Investing.com – Market participants looked ahead to Friday’s publication of the U.S. Employment Report for July with the focus on its implications for the Federal Reserve’s return to policy normalization.
After the ADP employment report for July showed a better-than-expected private payroll creation on Wednesday, investors began to turn their attention to the official government numbers.
The July data could be a key indicator for the strength of the labor market after the prior two reports showed opposite extremes. June showed the creation of a stellar 287,000 payrolls, coming just after the May report had marked just 11,000, its weakest growth in six-and-a-half years.
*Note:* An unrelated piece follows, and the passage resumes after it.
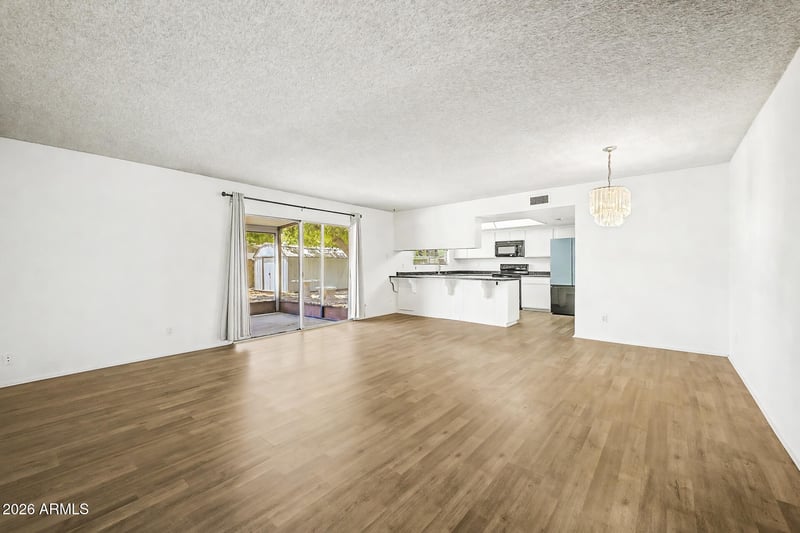 5215 Las Palmaritas Dr, Glendale, AZ 85302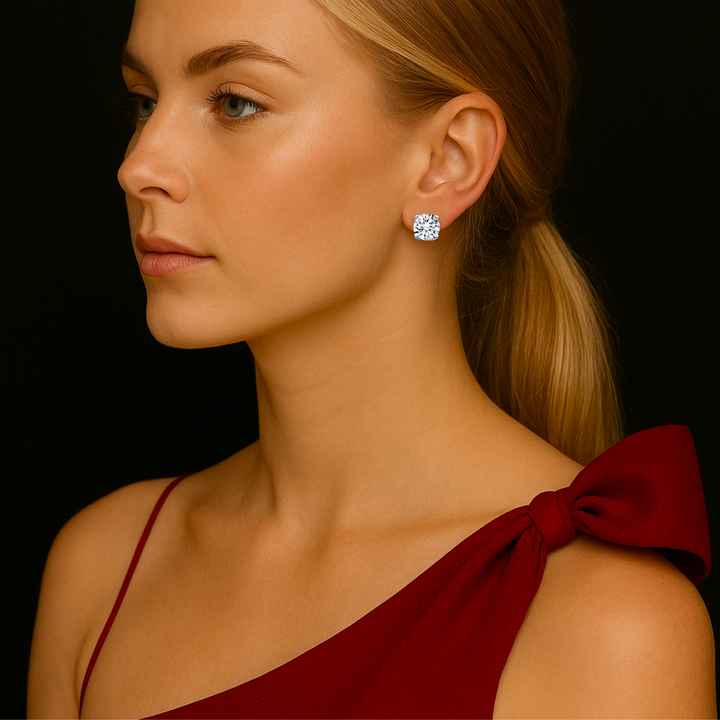Aros de oro blanco de 14 k con diamantes y cuatro puntas (1 ct)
The U.S. Labor Department will release its July nonfarm payrolls report at 12:30GMT, or 8:30AM ET, on Friday.
The consensus forecast is that the data will show jobs growth of 180,000, the unemployment rate is expected to drop back to 4.8%, from the prior 4.9%, while average hourly earnings are estimated to rise 0.2% after gaining 0.1% a month earlier.
An upbeat employment report will point to an improving economy and support the case for higher interest rates in the coming months, while a weak report would add to uncertainty over the economic outlook and push prospects of tighter monetary policy further off the table.
“Market participants clearly expect that only a number of positive data prints will convince the Fed to actually raise rates – so attention increasingly focuses on the data,” Commerzbank warned in a note to clients.
The worse than expected second quarter growth of 1.2% released last Friday dampened the odds that the Fed would be able to hike interest rates this year.
The Fed funds contract for December delivery implied traders saw a 33% chance the U.S. central bank would raise its target range on policy rates after the GDP data was released, down from 43% on the Thursday before the report.
Financial markets ticked up the odds for a hike after the ADP employment report on Wednesday showed a better than expected job creation, but they still showed tightening was unlikely until June 2017.
Fed fund futures priced in only a 9% chance for an increase in September at close of trade on Thursday with the odds for an end-of-the-year hike at 32.1%.
Still, some experts were skeptical of the effect that Friday’s jobs report could have on the Fed’s outlook.
Strategists at Spreadco pointed out that the next Fed meeting isn’t until September 20-21.
“Not only will July’s employment data be old news by then, but the market already doubts that the Fed will tighten monetary policy this year, let alone ahead of November’s presidential election,” they said.